Dopo 3 sedute da 500 colpi l’una, i benefici sono riscontrabili circa 2-3 settimane dopo l’ultimo trattamento. In alcuni casi si riscontra beneficio anche dopo la prima seduta.

Il trattamento è doloroso?

No, il trattamento – che va sempre eseguito secondo i protocolli terapeutici codificati e con apparecchiature idonee – non è particolarmente doloroso e per le patologie dei tessuti molli come tendini e legamenti è generalmente ben tollerato. In alcuni casi, se il paziente dovesse avvertire particolare fastidio, il medico può comunque dosare l'intensità dell'energia per far sì che la terapia venga meglio tollerata e sia comunque efficace. Nel caso di trattamenti sull'osso, per cui si applicano energie maggiori, è possibile che il dolore risulti più intenso e che sia necessario ricorrere ad anestesia locale.

Quanto tempo dura un singolo trattamento?

Un trattamento dura circa 3 minuti. Un ciclo è composto da 3 trattamenti, eseguiti 1 volta alla settimana per 3 settimane.

Le onde d’urto possono rappresentare una valida alternativa all’intervento chirurgico?

Si, possono essere considerate una valida alternativa prima di ricorrere all’intervento chirurgico.

Le onde d’urto radiali e focali sono la stessa cosa?

No, non sono la stessa cosa. Le onde d’urto radiali lavorano ad energie più basse, la pressione d’onda non supera i 5 bar e non vi è una fase dell’onda in pressione negativa. Le onde d’urto focali lavorano ad energie più alte, la pressione dell’onda arriva a 500 bar, il picco pressorio in rapida discesa fa sì che l’onda abbia una fase negativa e che produca quindi un effetto cavitazionale. Il trattamento con le onde d’urto radiali è più lungo sia in termini di seduta che di numero di trattamenti rispetto alle onde d’urto focali e la penetrazione dell’onda e quindi dell’energia è molto più superficiale, per questo motivo non possono essere trattate tutte le patologie che diversamente vengono invece trattate con ottimi risultati nel caso delle onde d’urto focali.

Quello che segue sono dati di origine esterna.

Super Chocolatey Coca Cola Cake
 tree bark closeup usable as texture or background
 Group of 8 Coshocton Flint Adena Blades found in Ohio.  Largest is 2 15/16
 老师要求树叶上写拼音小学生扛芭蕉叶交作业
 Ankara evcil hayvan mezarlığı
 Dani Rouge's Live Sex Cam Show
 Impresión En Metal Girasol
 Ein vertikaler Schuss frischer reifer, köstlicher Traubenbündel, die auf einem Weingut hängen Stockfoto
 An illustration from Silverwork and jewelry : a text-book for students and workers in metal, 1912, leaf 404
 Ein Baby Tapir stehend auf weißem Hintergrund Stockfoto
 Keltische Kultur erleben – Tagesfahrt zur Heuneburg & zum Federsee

Si possono applicare le onde d’urto in presenza di calcificazione?

Sì, si possono applicare in presenza di calcificazioni. Le onde d'urto focali riescono in alcuni casi, contestualmente agli effetti terapeutici, a disgregare calcificazioni tendinee o in prossimità di legamenti ed articolazioni, attraverso un processo di "scioglimento" (paragonabile all'azione di un anticalcare).

In quali casi non possiamo utilizzare le onde d’urto focali?

Non possiamo utilizzare le onde d’urto focali laddove ci sono strutture come encefalo, midollo spinale e gonadi vicino al campo focale. Non va trattata la zona della testa e dove c’è la presenza di organi cavi (es. polmone ed intestino) vicino al campo focale (nel passaggio infatti dell'onda sonora dal mezzo solido a quello gassoso si potrebbero verificare lesioni dei tessuti), in caso di anomalie anatomiche, infiammazione acuta dei tessuti da trattare, in caso di patologie tumorali e di tromboflebiti, donne in stato di gravidanza, in caso di presenza di Pace Maker o elettrostimolatori di diversa origine, coagulopatie e cartilagini ancora in fase di accrescimento.

Quali sono i rischi legati al trattamento?

Trattandosi di terapia non invasiva, non vi sono effetti collaterali rilevanti. Tuttavia, dopo applicazione di alte energie, potrebbero verificarsi piccoli ematomi, petecchie ed ecchimosi superficiali e di breve durata, riacutizzazione temporanea della sintomatologia dolorosa, che è un fenomeno che non deve essere interpretato come un evento avverso o negativo, ma al contrario come una eventuale risposta positiva alla stimolazione meccanica sui tessuti.